# Favorite Weather websites



## hojo (Jun 26, 2008)

DanOrion said:


> the 'ol Crème fraiche (that's the stuff, yeah)


Baste that turkey!


----------



## Ricky NM (Jun 28, 2008)

That's a nice list there.... here's another!

RAP Real-Time Weather


----------



## deepsouthpaddler (Apr 14, 2004)

Good list Dan. CAIC and coloradopowederforecast are my favorite sites.
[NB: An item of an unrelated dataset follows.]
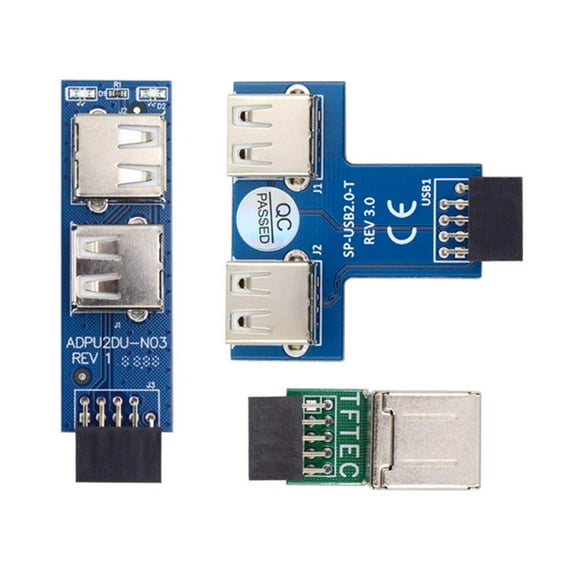FVH 3pcs/set 9Pin USB2.0 Motherboard Front Panel Header Female to Dual USB Female Adapter Vertical Horizontal Type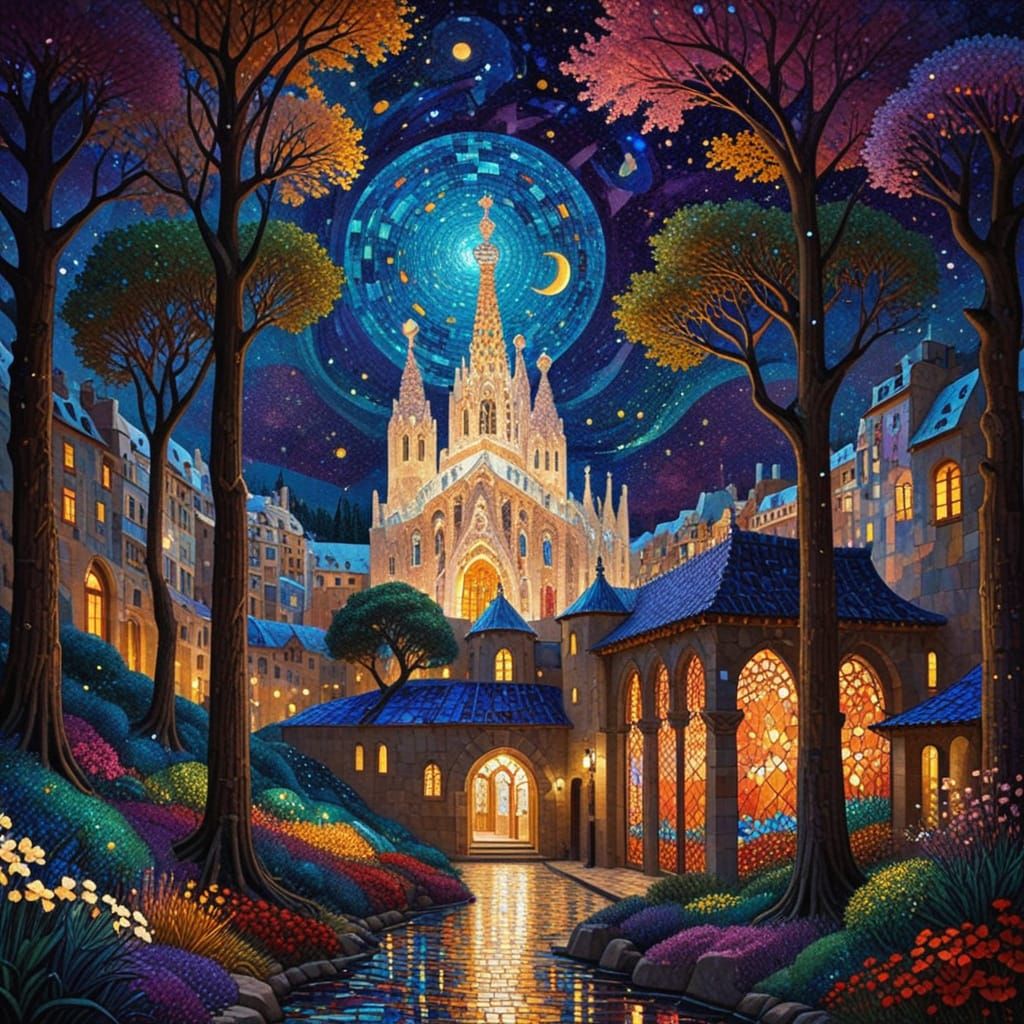 Iridescent Forest Palace Mosaic Art in Fauvist Style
I end up using the first site when I want to dive in on freezing level. The freezing level counour intervals are a really good way to figure out if your favorite creek is going to run or get shut down... I've used that site to try and figure out escalante creek weather and flows...

Good Stuff!


----------



## BmfnL (May 23, 2009)

The 5-hour scene:

Current Grand Junction NEXRAD Radar Map : Weather Underground

The big picture:

West Conus Water Vapor Loop - Satellite Services Division - Office of Satellite Data Processing and Distribution


----------



## JDHOG72 (Jul 18, 2007)

Speaking of Escalante, according to the DNR site:

"At the beginning of 2011 all areas in the Gunnison and San Miguel basins are above average, but due to the storm track, the areas with predominantly south and southwest facing slopes, such as the Grand Mesa and the *Uncompahgre Plateau* *have the highest snowpack at over 200% of normal* while more north facing slopes stand at around 120%."


----------



## BmfnL (May 23, 2009)

And then there's the ultimate winter jones site:

Water Supply Outlook for the Western United States

Click on "Streamflow Forecasts" - color coded by watershed.


----------



## BillyD (Oct 10, 2003)

Good list, but have to throw Powderbuzz on that list. Backcountry weather and avalanche information for the Rocky Mountains: Snow, Avalanche, and Weather Discussions for Colorado
Great links to about everything you need. CAIC, NOAA, Meso West, Snow Alarm, Snowpack by Basin, Total Snowfall/ Precip by drainages and more. Also Weather Channel is good for infrared satellite loops.


----------